The Los Angeles Film Festival is well underway, and this the second year the festival has been held in Westwood Village, an outdoor entertainment plaza featuring several movie palaces and a plethora of eateries between UCLA and the largely Persian neighborhood to the south. The location continues to work beautifully–far better than the scattered set-up of previous years. Sunny and breezy, with temperatures hovering between the upper 70s and lower 80s, it has been downright refreshing to stroll (or run, as the case may be) between venues.
The festival’s newest venue is Landmark’s “national flagship” theater at the Westside Pavilions mall, a 12-screen, state-of-the-art multiplex that is undeniably comfy. But while it touts vegan cookies, artisanal chocolates, and Criterion Collection and Decalogue DVDs at the digital concessions stand (outside its wine bar), let’s not kid ourselves–the major draw here is the ample free parking, a miracle in this part of the city.
So far, I’ve seen a strong and diverse selection of films, with more on the way. The festival wraps on Sunday. Stay tuned for more updates…
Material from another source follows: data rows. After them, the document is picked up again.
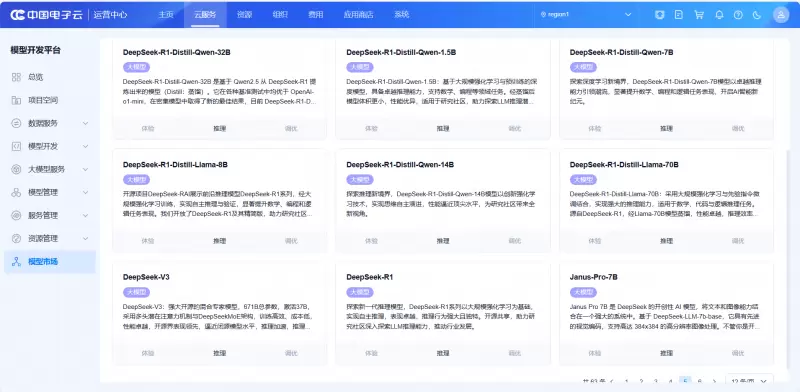 中国电子云上线DeepSeek-R1/V3全量模型 开启私有化部署新篇(图3)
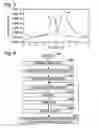 Fig. 04 - Single-phase c-axis doped PGO ferroelectric thin films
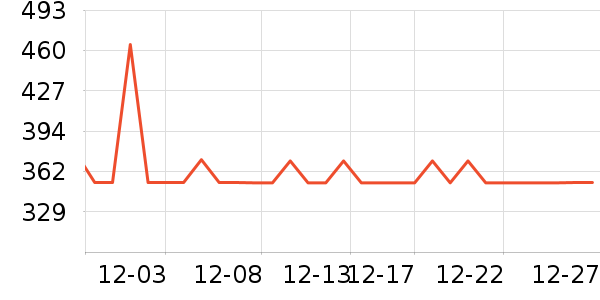 �Ϳ��˶��п�/������ʷ�۸�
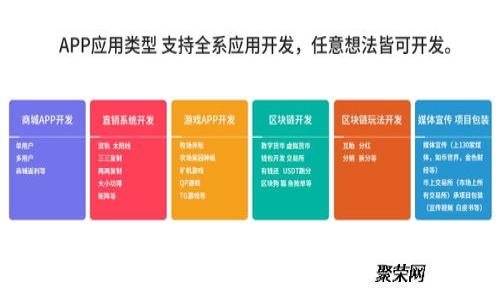 如何通过TP钱包创建波场(TRON)钱包：详细指南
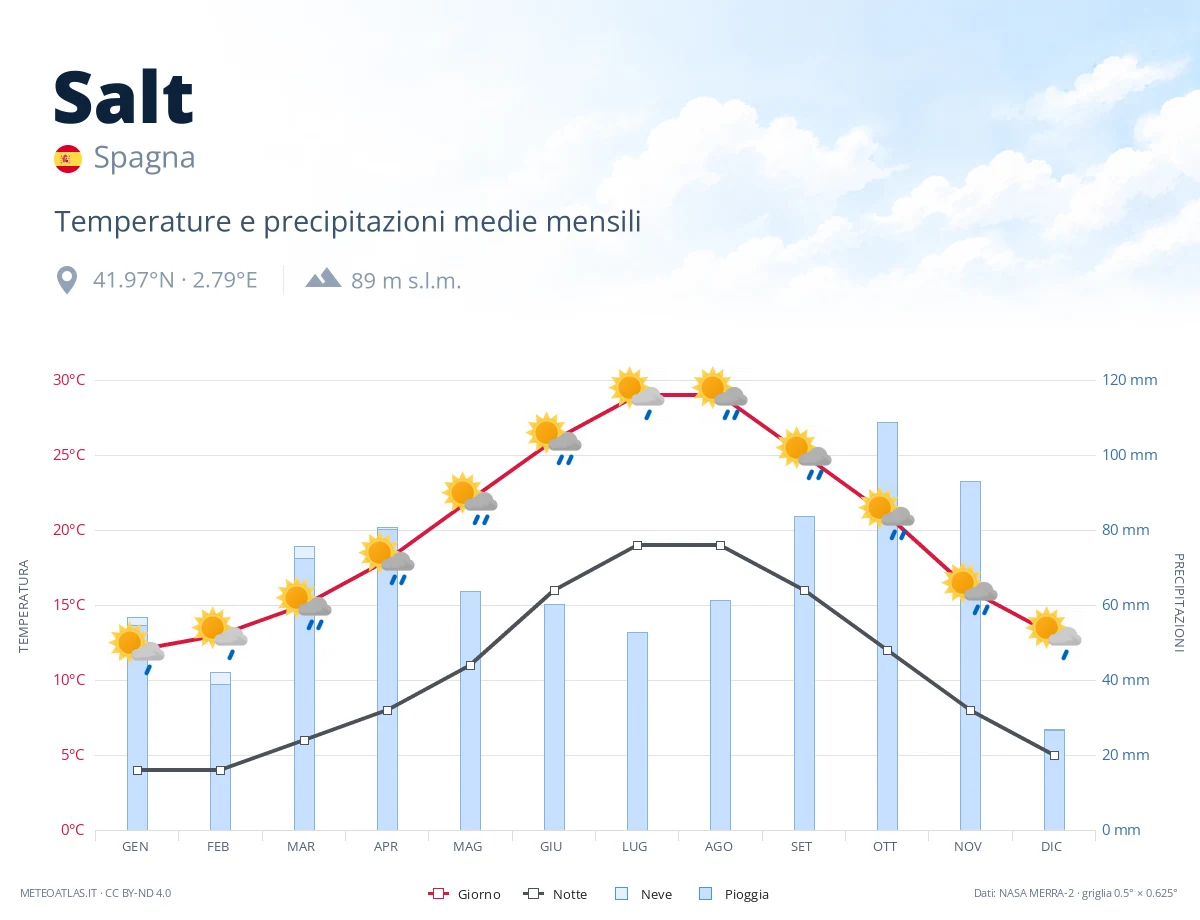 Salt - temperature e precipitazioni medie mensili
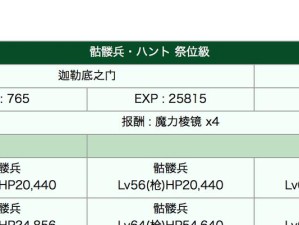 古老骑士技能加点攻略（揭秘狩猎技能加点细节，助你成为真正的骑士！）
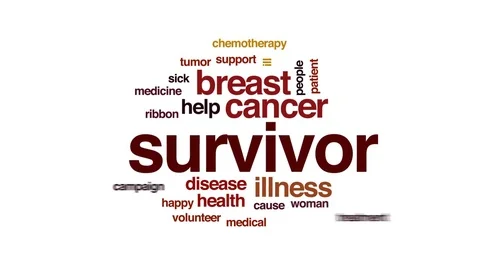 Survivor animated word cloud, text design animation. Stock Footage 78376392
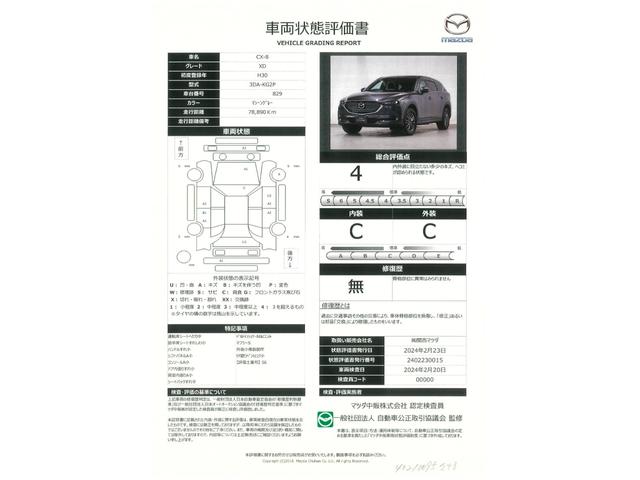 マツダ ＣＸ－８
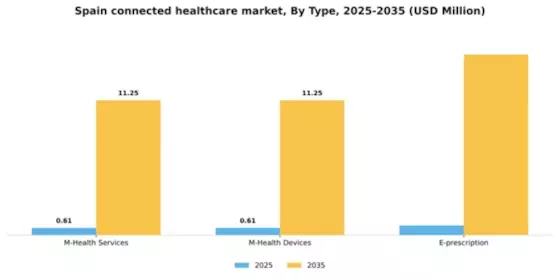 Spain Connected Healthcare Market Segment Image 1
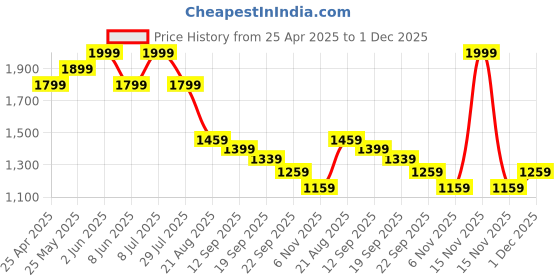 myntra.com ohello Orange & Grey Typography 260 TC King Bedsheet with 2 Pillow Covers ohello Price History Graph from 25 Apr 2025 to 1 Dec 2025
I’m not going to pretend to understand the dense symbolism and abstraction within this exuberantly imaginative gamalan musical in one sitting, but its startling imagery–a combination of dance numbers and art installations–and powerful themes (love and fidelity, social equality, spiritual fortitude) were exhilarating nonetheless. Think of it as an aesthetic cross between The Color of Pomegranates and The West Side Story and you won’t be far off. Loosely basing the story on the famous Hindu myth of Ramayana, Indonesian director Garin Nugroho has made a film that serves as a tribute to Javanese art (and pre-Muslim culture) as well as a compendium of modern celebrities (a roster of artists contributed to the film, Rahayu Supanggah–one of Indonesia’s most popular musicians–narrates the story through song, the two rival characters are played by famous dancers, and the object of their desires is effectively played by a recently named Miss Indonesia).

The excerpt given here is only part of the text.